Other spandex-clad super-heroes get themselves involved in other-worldly, parallel-dimensional and intriguing cases and mysteries. I get caught up in a groundhog day style postal problem. But, in true groundhog day style, I deal with it slightly differently every time. Just doing it feels good, so I can’t complain.

I’m thinking about the next time a letter arrives, and what messages I can write on the envelope. I may go for poetry. I may draw a picture to highlight the name is wrong. I may stick cut out letters from a newspaper to get the message across.

(*) What is really frustrating is the cost of each pointless delivery has to be met by someone. The PO box belongs to the finance department of the local council. We tried to call the council to ask them to stop sending the letters, but all they could ask was ‘what does the letter say?’ You don’t open mail that is addressed to someone else, do you? You return to sender, as they ask. And they send it back. Again… and again… and again!

In the news: Wonder Woman!

A remarkable tale of bravery has emerged today of how an attempted robbery in Northampton was thwarted this morning.

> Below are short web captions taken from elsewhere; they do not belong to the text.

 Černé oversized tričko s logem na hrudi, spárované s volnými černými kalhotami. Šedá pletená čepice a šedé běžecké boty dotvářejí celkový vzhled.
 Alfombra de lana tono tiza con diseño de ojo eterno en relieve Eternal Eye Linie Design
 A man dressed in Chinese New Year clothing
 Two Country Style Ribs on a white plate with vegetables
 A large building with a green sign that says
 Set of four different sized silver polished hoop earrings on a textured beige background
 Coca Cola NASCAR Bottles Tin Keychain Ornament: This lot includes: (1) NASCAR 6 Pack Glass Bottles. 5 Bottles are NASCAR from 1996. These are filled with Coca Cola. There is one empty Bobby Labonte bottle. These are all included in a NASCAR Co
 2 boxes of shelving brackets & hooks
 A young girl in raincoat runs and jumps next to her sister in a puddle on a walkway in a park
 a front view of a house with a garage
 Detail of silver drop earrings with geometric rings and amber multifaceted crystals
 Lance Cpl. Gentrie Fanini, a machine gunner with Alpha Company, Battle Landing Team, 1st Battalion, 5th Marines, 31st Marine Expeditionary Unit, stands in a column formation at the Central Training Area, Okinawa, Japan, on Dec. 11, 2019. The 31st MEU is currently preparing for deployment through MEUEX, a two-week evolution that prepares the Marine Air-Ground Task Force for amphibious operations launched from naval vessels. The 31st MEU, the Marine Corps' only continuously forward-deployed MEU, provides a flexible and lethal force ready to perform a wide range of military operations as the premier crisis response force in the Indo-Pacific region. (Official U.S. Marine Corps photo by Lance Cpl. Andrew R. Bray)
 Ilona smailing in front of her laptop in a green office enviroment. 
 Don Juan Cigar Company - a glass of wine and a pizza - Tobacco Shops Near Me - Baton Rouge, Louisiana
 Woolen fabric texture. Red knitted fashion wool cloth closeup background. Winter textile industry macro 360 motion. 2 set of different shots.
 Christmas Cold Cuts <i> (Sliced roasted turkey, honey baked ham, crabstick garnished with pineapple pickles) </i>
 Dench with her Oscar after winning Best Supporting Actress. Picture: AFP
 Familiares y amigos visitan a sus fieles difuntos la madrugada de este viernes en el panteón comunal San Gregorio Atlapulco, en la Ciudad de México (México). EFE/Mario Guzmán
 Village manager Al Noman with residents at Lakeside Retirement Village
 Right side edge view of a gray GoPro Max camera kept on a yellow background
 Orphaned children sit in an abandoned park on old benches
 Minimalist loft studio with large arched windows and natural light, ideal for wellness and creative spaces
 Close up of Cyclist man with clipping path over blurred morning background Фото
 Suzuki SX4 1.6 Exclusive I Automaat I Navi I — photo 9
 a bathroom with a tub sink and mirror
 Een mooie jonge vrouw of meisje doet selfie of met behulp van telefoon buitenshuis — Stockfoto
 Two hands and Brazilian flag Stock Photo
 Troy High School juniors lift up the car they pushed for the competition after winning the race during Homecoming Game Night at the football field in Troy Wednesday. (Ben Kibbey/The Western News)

A gang of would-be robbers decided to strike at a town centre jewellers earlier today, trying to smash their way into the shop windows by constantly striking them with hammers. The gang were on motorcycles, and staff inside the shop were seen frantically trying to bring down the shutters to protect the store.

It appeared that quite a few people were around the area, watching what was unfolding, when, out of the blue a figure dressed in red dashed into view. At startling speed, an elderly lady made her way into the midst of the helmeted thieves, and started fending them off armed only with her handbag. This Wonder Woman stopped the gang in their tracks, who tried to flee from the scene without achieving their goals. Two of the would be thieves actually fell off their getaway motorcycle, at which point other members of the public joined in to help the pensioner to restrain them. Apparently five of the gang have been arrested.

Not a bad morning’s work for Northampton’s very own newest super-hero!

The video that was broadcast on the evening news earlier was remarkable. I’ve tried to take some screen grabs as the lady approached the gang, but the stills are very blurry, however you can just about make out the pensioner as she is approaching, her magical handbag is in her left hand:

It makes a nice change to see some good in the news! Well done that lady!